BEGIN Supplied information

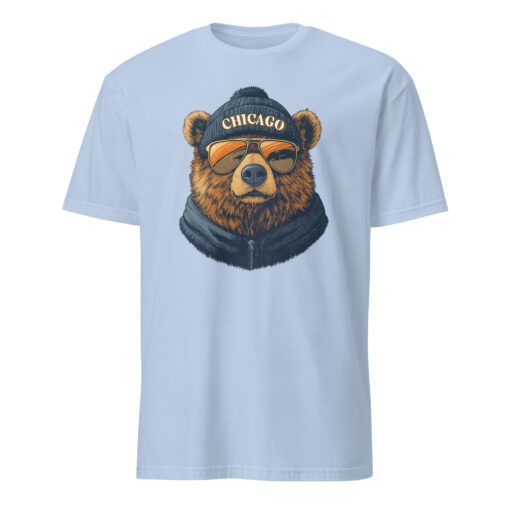 Vintage Chicago Football Crewneck by Cuccico | Trendy Fan Gifts & Game Day Apparel - Image 3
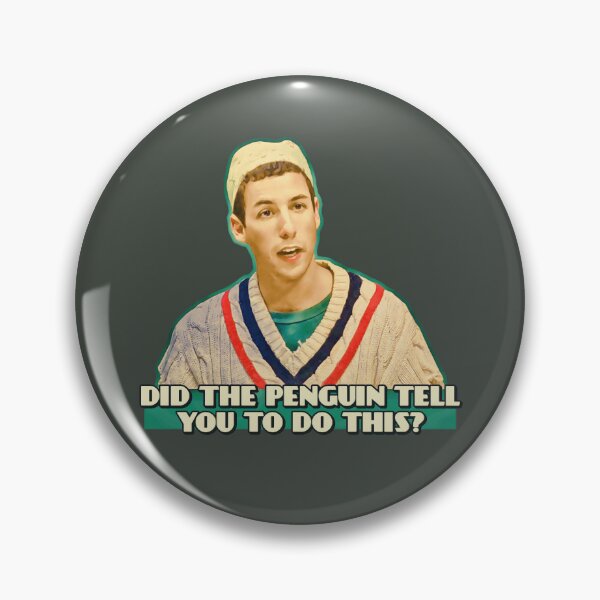 Item preview, Did the Penguin tell you to do this? designed and sold by Cuttintees.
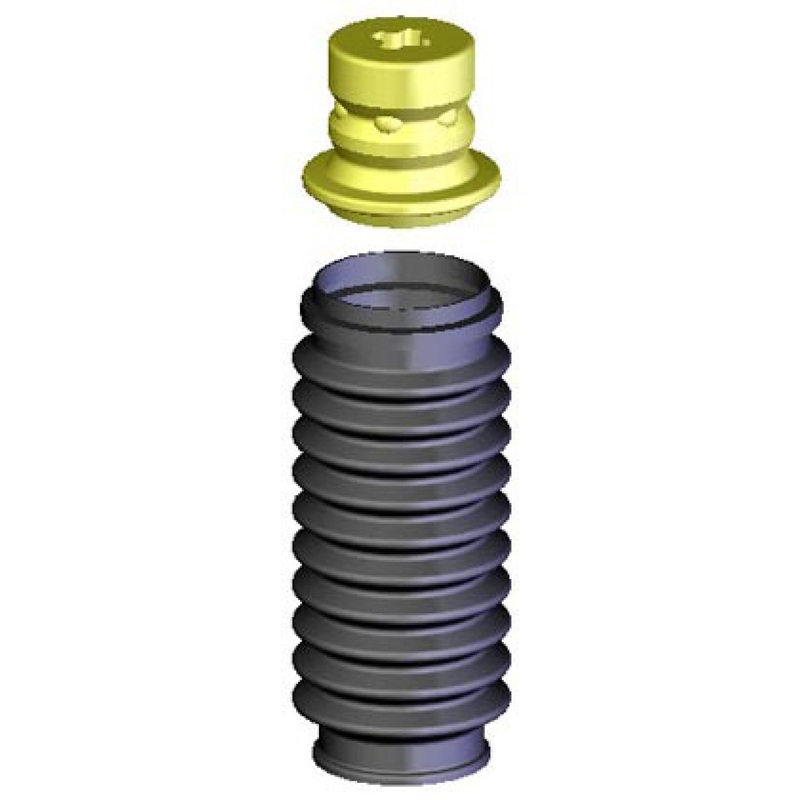 KYB Shocks & Struts Strut Boots Front & Rear ACURA CL 1997-99 ACURA CL 2001-03 ACURA EL 1997-00 ACUR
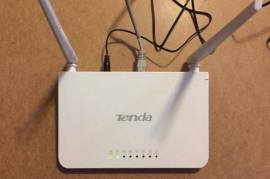 WI-FI როუტერი TENDA F300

END Supplied information

* Exercise directions
Please transcribe each line above exactly, but leave the images out.

* Answer
 Vintage Chicago Football Crewneck by Cuccico | Trendy Fan Gifts & Game Day Apparel - Image 3
 Item preview, Did the Penguin tell you to do this? designed and sold by Cuttintees.
 KYB Shocks & Struts Strut Boots Front & Rear ACURA CL 1997-99 ACURA CL 2001-03 ACURA EL 1997-00 ACUR
 WI-FI როუტერი TENDA F300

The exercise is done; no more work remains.